The reasons are also surprising, but the main one is that each dollar spent (or usually wasted) by the government is spent on average 5 more times each year. So, deficits stimulate the stock market.
He shows that trade deficits are signs of a strong economy that can afford to import and is usually associated with stronger stock markets.
Are you avoiding the U.S. because of the dreaded triple deficits and investing in Canada because these 3 are all surpluses? The truth is clear that the recent under-performance of the U.S. is DESPITE the triple deficits!
We may have believed that investing in higher risk markets like the NASDAQ or China will give us higher returns with the higher risk. But the returns of all major markets seem to have similar long term returns. Since the NASDAQ started in 1972, the returns averaged 12.5%, vs. the S&P500 of 12.7%, FTSE at 11.7% and MSCI EAFE at 12.8%.

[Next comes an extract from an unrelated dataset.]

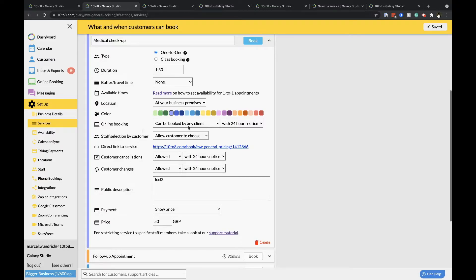For now I will leave all the settings as default but you can read more about the various options from the link in the video description.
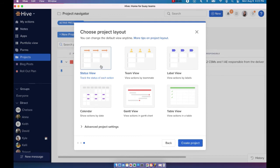I would say that across these three Kanban views, the most commonly used one is definitely the status view. Just because it groups all your actions by their status and it's the most simple way to track your projects.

In 2003-5, China’s economy grew by 11.5%, 17% and an astounding 33% while its stock market fell. Meanwhile, Germany’s economy grew by .9%, 2.4% and 1.4%, while its stock market gained 38%, 8% and 28%.
Ken Fisher goes on to explain how he has beaten the stock market. He sticks with market exposure unless he can “fathom things that others find unfathomable” and he is always aware of “what the heck is my brain doing to blind side me?” These are the last 2 questions
He shows how to try to figure out what actually works, some of which is to bet against all the above false facts when many investors are investing based on them. He explains how to go about proving or disproving thinks you may believe, and he explains what actually drives stocks market returns long term.
The 3rd question is all about behavioral finance. He calls the stock market TGH (The Great Humiliator) and shows how market efficiency and mental errors humans tend to make cause them to lose money in the market.
For example, why do we believe all of the above? It is because of “pattern recognition” (we tend to see patterns that don’t exist) and “confirmation bias” (when we believe something, we only see those stats that support the belief and ignore the ones that don’t).
This is probably the single finance book from which I have learned the most and I would highly recommend it to anyone serious about studying the markets. Considering how many investors have a highly simplified understanding of the stock markets based on what they see and hear on the news, it’s a huge eye-opener to see someone that actually looks at the numbers to see what is really true.